[ENTRIES SHOWN Boundary: Start]
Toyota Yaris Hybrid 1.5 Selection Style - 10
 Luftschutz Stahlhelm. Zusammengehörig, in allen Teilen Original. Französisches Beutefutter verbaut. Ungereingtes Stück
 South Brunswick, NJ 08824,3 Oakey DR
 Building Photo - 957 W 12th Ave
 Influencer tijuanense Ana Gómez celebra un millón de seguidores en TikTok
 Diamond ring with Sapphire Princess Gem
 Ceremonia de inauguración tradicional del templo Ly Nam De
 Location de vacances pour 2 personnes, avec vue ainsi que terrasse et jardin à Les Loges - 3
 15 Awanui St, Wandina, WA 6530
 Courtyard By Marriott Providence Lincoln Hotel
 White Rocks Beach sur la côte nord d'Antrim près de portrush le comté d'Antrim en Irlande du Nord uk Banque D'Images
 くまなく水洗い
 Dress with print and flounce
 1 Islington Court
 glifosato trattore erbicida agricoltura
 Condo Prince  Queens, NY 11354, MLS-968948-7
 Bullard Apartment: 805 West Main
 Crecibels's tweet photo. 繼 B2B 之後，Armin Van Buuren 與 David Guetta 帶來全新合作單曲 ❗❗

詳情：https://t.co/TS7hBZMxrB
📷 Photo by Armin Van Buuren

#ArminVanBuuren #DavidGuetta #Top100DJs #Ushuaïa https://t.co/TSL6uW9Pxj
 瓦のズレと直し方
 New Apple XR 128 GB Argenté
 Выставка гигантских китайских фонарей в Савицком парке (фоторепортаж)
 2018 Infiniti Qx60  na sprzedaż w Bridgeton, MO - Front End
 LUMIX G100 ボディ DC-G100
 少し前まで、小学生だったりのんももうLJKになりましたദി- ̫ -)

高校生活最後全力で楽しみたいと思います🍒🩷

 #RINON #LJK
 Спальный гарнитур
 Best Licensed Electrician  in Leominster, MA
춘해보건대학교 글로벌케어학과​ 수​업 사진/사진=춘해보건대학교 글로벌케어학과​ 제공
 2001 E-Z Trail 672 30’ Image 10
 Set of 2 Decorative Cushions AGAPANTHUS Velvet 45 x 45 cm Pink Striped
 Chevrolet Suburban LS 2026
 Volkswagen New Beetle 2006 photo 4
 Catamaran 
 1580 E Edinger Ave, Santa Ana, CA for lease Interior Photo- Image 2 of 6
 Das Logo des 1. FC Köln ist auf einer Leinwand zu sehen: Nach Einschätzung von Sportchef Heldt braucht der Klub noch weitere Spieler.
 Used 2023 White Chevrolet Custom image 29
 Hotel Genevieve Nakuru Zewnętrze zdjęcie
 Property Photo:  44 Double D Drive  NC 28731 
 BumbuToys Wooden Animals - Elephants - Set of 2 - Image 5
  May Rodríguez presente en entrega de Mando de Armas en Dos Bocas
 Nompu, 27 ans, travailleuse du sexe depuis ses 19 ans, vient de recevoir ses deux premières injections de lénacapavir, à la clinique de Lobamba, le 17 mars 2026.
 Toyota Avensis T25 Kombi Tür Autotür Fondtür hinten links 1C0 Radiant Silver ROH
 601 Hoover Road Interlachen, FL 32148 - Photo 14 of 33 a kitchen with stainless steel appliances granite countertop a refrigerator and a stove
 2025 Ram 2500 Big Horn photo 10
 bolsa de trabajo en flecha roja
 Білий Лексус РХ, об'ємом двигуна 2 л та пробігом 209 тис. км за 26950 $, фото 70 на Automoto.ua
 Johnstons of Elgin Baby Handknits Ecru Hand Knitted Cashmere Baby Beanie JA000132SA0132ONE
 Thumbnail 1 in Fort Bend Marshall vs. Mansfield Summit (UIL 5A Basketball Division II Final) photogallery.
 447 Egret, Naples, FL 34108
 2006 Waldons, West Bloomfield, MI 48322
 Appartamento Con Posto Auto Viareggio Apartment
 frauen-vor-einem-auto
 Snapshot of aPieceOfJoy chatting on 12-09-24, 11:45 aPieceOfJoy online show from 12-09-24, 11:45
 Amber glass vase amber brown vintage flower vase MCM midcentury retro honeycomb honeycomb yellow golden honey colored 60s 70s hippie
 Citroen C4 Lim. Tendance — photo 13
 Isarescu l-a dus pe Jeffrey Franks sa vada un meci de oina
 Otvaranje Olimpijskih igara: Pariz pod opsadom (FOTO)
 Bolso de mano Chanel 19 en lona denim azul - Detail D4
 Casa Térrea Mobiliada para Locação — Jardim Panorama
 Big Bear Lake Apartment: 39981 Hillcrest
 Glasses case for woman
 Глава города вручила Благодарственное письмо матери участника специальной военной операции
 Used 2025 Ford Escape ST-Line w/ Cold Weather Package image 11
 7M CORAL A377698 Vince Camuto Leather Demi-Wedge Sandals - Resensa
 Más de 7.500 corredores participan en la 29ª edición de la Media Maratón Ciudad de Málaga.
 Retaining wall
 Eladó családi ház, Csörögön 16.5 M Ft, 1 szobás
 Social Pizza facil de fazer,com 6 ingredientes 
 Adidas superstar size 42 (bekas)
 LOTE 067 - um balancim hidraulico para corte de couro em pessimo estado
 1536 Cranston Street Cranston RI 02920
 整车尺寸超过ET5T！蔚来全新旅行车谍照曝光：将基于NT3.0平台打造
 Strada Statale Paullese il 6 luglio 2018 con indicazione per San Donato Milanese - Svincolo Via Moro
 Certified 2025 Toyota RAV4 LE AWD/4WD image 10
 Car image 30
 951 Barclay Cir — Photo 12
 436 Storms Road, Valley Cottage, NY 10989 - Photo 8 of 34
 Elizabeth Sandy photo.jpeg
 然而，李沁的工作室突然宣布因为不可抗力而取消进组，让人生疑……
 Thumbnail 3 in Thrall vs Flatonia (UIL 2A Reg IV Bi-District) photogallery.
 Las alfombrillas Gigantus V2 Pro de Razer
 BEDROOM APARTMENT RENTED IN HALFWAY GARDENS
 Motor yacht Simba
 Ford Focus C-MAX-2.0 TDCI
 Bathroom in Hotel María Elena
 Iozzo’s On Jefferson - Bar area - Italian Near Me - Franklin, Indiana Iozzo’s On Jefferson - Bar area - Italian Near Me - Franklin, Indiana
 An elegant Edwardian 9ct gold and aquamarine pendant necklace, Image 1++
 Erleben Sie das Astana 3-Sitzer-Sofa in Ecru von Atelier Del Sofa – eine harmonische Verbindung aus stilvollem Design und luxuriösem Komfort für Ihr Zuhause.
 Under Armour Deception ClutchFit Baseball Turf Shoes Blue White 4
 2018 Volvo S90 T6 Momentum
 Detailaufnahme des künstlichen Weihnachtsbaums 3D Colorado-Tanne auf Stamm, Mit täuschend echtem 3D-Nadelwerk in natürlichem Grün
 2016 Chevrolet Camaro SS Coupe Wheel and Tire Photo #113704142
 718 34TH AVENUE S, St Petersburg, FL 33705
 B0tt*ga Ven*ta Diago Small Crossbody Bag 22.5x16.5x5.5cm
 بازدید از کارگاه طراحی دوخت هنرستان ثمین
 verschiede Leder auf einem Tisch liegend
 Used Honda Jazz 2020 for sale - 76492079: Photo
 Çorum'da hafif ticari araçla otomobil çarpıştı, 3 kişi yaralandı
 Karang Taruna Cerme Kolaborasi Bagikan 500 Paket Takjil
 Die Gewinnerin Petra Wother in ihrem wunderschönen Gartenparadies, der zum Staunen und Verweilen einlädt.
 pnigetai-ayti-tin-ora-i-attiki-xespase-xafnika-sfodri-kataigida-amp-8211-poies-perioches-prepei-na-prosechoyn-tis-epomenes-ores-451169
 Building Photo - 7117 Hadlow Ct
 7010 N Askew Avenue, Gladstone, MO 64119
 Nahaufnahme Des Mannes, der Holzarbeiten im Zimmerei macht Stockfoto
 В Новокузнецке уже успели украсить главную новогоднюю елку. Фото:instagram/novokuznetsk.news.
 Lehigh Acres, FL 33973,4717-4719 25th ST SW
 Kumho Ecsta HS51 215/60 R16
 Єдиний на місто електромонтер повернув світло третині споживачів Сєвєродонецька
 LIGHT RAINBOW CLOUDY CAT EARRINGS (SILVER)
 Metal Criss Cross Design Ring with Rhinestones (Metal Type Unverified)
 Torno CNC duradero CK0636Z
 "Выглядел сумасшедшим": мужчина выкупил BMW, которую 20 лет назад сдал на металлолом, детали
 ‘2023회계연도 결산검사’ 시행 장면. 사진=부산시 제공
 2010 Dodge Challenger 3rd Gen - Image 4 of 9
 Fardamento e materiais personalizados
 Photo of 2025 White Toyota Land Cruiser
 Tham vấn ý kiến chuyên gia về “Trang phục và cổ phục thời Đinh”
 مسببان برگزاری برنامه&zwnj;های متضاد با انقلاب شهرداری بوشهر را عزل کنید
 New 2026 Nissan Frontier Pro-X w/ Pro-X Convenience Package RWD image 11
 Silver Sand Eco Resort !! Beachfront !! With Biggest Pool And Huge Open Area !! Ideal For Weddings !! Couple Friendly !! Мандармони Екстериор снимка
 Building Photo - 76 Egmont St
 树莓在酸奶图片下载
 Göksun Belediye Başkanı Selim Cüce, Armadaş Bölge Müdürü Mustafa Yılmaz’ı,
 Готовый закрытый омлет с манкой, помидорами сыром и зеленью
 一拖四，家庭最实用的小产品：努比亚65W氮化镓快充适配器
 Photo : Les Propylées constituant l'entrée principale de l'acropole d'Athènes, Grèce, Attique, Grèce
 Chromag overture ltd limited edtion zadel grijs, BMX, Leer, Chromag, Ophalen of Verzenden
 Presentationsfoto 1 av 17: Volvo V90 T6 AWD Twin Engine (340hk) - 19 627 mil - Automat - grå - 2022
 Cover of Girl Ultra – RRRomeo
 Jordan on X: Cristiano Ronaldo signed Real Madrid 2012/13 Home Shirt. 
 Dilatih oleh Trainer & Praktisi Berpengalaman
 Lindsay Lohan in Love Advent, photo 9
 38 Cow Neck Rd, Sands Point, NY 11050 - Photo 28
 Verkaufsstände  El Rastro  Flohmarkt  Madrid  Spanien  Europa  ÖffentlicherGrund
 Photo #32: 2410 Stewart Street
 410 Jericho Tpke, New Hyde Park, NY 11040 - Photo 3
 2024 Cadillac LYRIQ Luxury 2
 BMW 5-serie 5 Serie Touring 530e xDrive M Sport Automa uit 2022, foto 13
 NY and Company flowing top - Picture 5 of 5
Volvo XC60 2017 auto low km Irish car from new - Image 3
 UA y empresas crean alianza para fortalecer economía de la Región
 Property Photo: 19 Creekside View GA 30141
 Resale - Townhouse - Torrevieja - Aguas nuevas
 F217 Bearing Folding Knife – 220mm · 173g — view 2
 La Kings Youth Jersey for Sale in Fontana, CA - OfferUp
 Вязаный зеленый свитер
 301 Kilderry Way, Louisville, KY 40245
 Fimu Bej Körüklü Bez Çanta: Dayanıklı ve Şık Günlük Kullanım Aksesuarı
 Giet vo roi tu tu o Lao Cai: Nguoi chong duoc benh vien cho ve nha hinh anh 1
[ENTRIES SHOWN Boundary: End]
■ **EXERCISE DIRECTIONS**
Among the entries above, locate the lines containing "Metal Criss Cross" and "Cover of Girl Ultra – RRRomeo", and transcribe exactly those two lines and all lines between.

■ **WRITTEN REPLY**
 Metal Criss Cross Design Ring with Rhinestones (Metal Type Unverified)
 Torno CNC duradero CK0636Z
 "Выглядел сумасшедшим": мужчина выкупил BMW, которую 20 лет назад сдал на металлолом, детали
 ‘2023회계연도 결산검사’ 시행 장면. 사진=부산시 제공
 2010 Dodge Challenger 3rd Gen - Image 4 of 9
 Fardamento e materiais personalizados
 Photo of 2025 White Toyota Land Cruiser
 Tham vấn ý kiến chuyên gia về “Trang phục và cổ phục thời Đinh”
 مسببان برگزاری برنامه&zwnj;های متضاد با انقلاب شهرداری بوشهر را عزل کنید
 New 2026 Nissan Frontier Pro-X w/ Pro-X Convenience Package RWD image 11
 Silver Sand Eco Resort !! Beachfront !! With Biggest Pool And Huge Open Area !! Ideal For Weddings !! Couple Friendly !! Мандармони Екстериор снимка
 Building Photo - 76 Egmont St
 树莓在酸奶图片下载
 Göksun Belediye Başkanı Selim Cüce, Armadaş Bölge Müdürü Mustafa Yılmaz’ı,
 Готовый закрытый омлет с манкой, помидорами сыром и зеленью
 一拖四，家庭最实用的小产品：努比亚65W氮化镓快充适配器
 Photo : Les Propylées constituant l'entrée principale de l'acropole d'Athènes, Grèce, Attique, Grèce
 Chromag overture ltd limited edtion zadel grijs, BMX, Leer, Chromag, Ophalen of Verzenden
 Presentationsfoto 1 av 17: Volvo V90 T6 AWD Twin Engine (340hk) - 19 627 mil - Automat - grå - 2022
 Cover of Girl Ultra – RRRomeo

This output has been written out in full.